Guatemala’s informal economy, where 70% of the population works, has practically collapsed. Even before the pandemic struck, some 69% of the population lived in poverty, government data shows, with the share in rural areas as high as 80%.
“THE WORST YEAR”
To Jocotan community leader Eduardo Roque, the damage from the storms seems particularly cruel. Earlier in 2020, households with a little land were cautiously optimistic. Gentle rains had come and crops were ripening well for the first time in years.
Hurricanes Eta and Iota put an end to that hope.
“This is the worst year we have ever lived,” Roque said. “It was looking like the best harvest in 10 years after the drought,” speaking over a crackly connection from the municipality, where power has been out since Iota downed lines at the start of November.
“Then the pandemic came, and now, only God can help us,” he said, estimating that half of the coffee crop, a money spinner, was destroyed, while corn and beans were wiped out in mud slides.
On an October visit by Reuters to Jocotan, families said they had already reduced their diet to a few tortillas, wild weeds and herbs, and occasionally beans or an egg.
Worried parents described days without food and taking on debt to buy even staples of the Guatemalan diet as small government and charity handouts were running low.
Ivan Aguilar, a humanitarian program coordinator based in Guatemala at Oxfam, said the storms had complicated the outlook even more, with families who were relying on small crops for subsistence now teetering on the edge of disaster.
“The nutrition situation is going to get more acute,” Aguilar said. “Even in areas where the situation was not so bad.”

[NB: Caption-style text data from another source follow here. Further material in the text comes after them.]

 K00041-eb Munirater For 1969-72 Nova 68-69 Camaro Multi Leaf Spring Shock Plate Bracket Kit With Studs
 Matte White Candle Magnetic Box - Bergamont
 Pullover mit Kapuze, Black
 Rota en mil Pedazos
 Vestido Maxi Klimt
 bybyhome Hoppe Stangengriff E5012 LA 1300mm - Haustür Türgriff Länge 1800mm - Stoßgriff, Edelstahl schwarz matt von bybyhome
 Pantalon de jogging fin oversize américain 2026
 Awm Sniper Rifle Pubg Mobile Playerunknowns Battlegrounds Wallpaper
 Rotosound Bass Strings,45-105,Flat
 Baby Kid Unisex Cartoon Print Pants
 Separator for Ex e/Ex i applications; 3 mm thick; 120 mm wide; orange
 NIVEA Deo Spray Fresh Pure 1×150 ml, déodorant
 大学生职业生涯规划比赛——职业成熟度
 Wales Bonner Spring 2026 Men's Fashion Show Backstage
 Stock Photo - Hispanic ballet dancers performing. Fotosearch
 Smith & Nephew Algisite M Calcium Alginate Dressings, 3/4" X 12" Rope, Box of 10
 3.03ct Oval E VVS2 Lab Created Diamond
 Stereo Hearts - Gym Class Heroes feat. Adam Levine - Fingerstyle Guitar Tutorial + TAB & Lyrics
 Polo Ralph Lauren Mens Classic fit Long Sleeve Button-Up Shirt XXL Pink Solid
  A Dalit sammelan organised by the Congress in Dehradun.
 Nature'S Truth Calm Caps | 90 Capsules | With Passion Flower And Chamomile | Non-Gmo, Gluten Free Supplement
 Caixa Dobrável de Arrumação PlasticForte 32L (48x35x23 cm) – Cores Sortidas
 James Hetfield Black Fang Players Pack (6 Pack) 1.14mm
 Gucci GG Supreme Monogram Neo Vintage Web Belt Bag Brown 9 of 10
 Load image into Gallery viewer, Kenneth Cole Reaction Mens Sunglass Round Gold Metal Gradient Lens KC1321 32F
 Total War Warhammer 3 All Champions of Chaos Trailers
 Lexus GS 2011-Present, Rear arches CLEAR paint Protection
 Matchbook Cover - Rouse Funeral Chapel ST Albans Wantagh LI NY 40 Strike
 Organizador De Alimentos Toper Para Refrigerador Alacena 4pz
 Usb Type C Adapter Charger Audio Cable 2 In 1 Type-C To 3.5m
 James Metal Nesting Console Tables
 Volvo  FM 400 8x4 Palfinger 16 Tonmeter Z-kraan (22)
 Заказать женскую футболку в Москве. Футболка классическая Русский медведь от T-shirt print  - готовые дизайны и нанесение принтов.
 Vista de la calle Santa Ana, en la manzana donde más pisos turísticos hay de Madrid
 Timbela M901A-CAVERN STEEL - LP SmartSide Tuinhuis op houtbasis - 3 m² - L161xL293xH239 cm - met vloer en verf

Prices for beans, a much-needed source of protein for those who cannot afford meat, have increased by about 30% when compared to the average price for the past three to five years, Aguilar has calculated, making them unaffordable for many.
Costs of staples of the Guatemalan diet, tortillas and corn, have increased in some areas as much as 20%, Aguilar says.
Guatemala’s Food and Nutritional Security Ministry said the storms would increase the vulnerability of families, and that the nutrition of children was most susceptible to deterioration. The ministry said studies to measure the impact were under way.